В кабинет осторожно заглянула сначала голова, затем появилось тело.
- Вы чего-то хотели? – осведомился ректор, не сводя взгляда с Жана.
- Я тут по поводу… В общем, я узнал, что после второго года обучения студенты могут подавать прошения о присоединении к отряду Карателей для участия в реальных сражениях.
Мужчина мягко улыбнулся. Первое впечатление от этого мальца оказалось ошибочным. Уже спустя пару недель от его смущения и сдержанной вежливости не осталось ни следа, и парень превратился в стремительно носящуюся головную боль, вступающую в регулярные перепалки с лордами. Впрочем, пока никто не подавал жалобу, приступать к действиям Риан не собирался, - у самого проблем хватает. К тому же, Жан ему понравился. Ещё когда выбрал дополнительные предметы – выбор, свидетельствующий, что он станет хорошей поддержкой Ордену и будет принимать участие в сражениях. Нечета многим Карателям, которые только и могут, что сидеть над бумагами, хорошо ещё, не противятся, когда им отдают прямой приказ отправиться на задание, если послать больше некого.
- К сражениям вас не допустят. Максимум, на что можете рассчитывать, небольшие вылазки, во время которых осуществляется нападение на дайтьи, замеченных рядом с городом.
- Я хотел бы узнать, если у меня шанс…
- Подать прошение может любой, но мест в отрядах немного. Должен заметить, у вас мало шансов. К тому же, я плохо понимаю ваши мотивы. Участие в Охоте для вас сейчас будет рискованным.
- Я не стану обузой. Цепеш может подтвердить мои успехи в боевом искусстве.
Какое-то время Риан внимательно разглядывал его, опустив подбородок на скрещённые пальцы и размышляя. Солдат, - с непривычной для самого себя гордостью подумал он, - настоящий боец, не страшится приказа, не отступает даже перед лицом лордов. Да, пока это детское противостояние, но именно в нём мальчишка учится оказывать сопротивление верхушке. Придёт время, и он даст отпор самой аристократии, защищая свой Орден.

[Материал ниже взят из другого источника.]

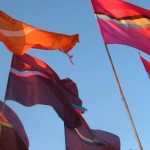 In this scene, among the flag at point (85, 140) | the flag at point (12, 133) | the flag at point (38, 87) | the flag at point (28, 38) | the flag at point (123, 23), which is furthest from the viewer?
the flag at point (85, 140)

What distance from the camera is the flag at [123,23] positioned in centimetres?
1315

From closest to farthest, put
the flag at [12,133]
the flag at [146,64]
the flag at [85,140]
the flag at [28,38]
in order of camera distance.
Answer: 1. the flag at [28,38]
2. the flag at [146,64]
3. the flag at [12,133]
4. the flag at [85,140]

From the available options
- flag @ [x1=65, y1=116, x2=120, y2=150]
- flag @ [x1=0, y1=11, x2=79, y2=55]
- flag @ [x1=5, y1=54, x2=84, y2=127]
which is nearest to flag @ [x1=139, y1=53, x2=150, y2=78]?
flag @ [x1=0, y1=11, x2=79, y2=55]

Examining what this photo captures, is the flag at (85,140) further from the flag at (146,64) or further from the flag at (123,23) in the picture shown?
the flag at (123,23)

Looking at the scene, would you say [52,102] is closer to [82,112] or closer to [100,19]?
[82,112]

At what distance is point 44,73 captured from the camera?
1576 centimetres

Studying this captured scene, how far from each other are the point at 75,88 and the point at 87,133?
6.78 feet

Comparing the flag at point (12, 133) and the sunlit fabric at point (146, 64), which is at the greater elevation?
the sunlit fabric at point (146, 64)

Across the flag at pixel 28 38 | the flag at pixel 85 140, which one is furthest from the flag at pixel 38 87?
the flag at pixel 28 38

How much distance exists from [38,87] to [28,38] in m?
2.14

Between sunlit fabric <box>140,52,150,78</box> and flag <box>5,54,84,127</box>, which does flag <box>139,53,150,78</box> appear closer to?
sunlit fabric <box>140,52,150,78</box>

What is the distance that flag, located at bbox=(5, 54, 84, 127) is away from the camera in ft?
47.9

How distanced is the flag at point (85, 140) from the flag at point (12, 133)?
1.94m


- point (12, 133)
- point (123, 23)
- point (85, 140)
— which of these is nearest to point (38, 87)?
point (12, 133) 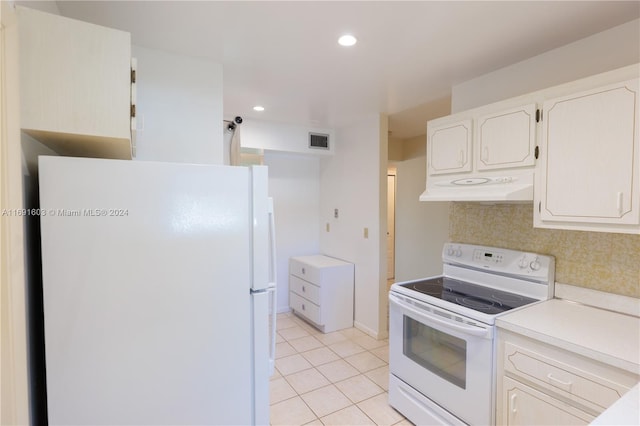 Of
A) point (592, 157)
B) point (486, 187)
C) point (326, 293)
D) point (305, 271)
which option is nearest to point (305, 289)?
point (305, 271)

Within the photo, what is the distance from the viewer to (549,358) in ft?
4.78

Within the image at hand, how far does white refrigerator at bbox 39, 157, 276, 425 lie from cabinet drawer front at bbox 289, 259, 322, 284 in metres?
2.24

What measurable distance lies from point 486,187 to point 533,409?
1.17 meters

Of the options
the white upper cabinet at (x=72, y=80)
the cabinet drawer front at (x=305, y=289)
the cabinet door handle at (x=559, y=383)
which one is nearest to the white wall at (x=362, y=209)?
the cabinet drawer front at (x=305, y=289)

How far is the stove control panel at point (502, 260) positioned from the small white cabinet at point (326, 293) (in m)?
1.45

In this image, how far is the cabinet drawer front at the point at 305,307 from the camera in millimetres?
3673

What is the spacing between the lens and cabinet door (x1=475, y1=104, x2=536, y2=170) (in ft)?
5.82

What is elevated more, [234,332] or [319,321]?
[234,332]

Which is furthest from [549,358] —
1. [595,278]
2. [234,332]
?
[234,332]

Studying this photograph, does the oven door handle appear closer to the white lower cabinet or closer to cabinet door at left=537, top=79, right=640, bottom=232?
the white lower cabinet

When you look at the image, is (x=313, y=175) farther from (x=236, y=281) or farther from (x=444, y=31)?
(x=236, y=281)

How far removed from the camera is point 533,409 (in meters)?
1.51

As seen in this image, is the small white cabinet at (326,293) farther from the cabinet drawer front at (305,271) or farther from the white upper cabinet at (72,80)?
the white upper cabinet at (72,80)

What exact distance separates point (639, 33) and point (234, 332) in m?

- Я обговорю это с вашим преподавателем. О результатах вас оповестят. А сейчас, кажется, у вас занятия?
***
При моём появлении на плацу принц слабо улыбнулся и приветливо кивнул, заставив насторожиться. Он всегда встречал меня со скучающим видом, а тут прямо на лице написано: что-то замыслил. Невольно замявшись, я болезненно скривился, предчувствуя беду, и обернулся к друзьям. Их сочувствующий вид отнюдь не придал бодрости.

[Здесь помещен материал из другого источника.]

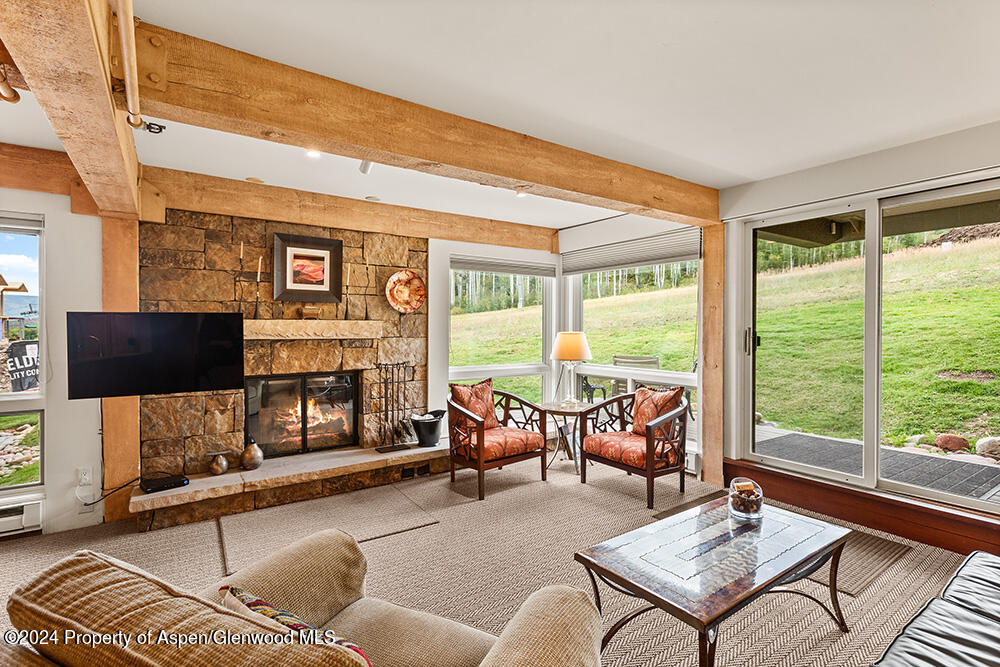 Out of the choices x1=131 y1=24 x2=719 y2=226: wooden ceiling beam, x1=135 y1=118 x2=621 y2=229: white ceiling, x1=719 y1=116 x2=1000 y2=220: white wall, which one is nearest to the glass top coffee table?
x1=131 y1=24 x2=719 y2=226: wooden ceiling beam

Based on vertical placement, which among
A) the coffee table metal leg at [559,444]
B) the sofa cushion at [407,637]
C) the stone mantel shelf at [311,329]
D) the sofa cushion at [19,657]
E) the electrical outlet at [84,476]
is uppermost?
the stone mantel shelf at [311,329]

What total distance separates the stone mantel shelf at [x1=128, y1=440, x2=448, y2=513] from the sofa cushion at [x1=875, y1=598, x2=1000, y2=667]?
3.39 meters

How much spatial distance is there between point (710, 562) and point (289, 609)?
1.54 m

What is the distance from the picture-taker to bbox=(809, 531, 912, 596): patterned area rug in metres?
2.50

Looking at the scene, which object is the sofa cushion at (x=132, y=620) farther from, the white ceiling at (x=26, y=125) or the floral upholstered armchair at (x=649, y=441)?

- Не напрягайся, - хлопнул меня Икар по спине. – Проиграешь тут, победишь в другом бою. У меня остались счёты с Тильром, пора их свести, да и идея сама по себе просто великолепна.
Я заулыбался, вспомнив наше последнее развлечение – крысы. Несмотря на всю мужественность и гордость, Тильр боялся их панически, и стоило ему завидеть безобидного грызуна, как он начинал вопить, как девчонка. Ах, какие тирады мы выслушивали, стоя у него под дверью!
- По лицу видно, о чём ты думаешь, - пробубнил парень, выуживая из кармана стеклянную колбу с белыми мелкими кристаллами. – Глянь, что есть. Едкий натр. Даже ткань разъедает.
- Нет уж, членовредительством не занимаюсь. Одно дело подзуживать друг над другом и совсем другое перейти на новый уровень. Тильр такое не спустит. Пока его это развлекает, нам всё сходит с рук, но стоит ему получить травму, тут же побежит к своему отцу. Что тогда делать будем?
- Ну… – протянул Икар, показывая, что придумать применение не проблема.
- Шевели булками, Жан! – прервал наш диалог зычный окрик Цепеша. – Ты не на прогулке с подружками! Потом языками почешете!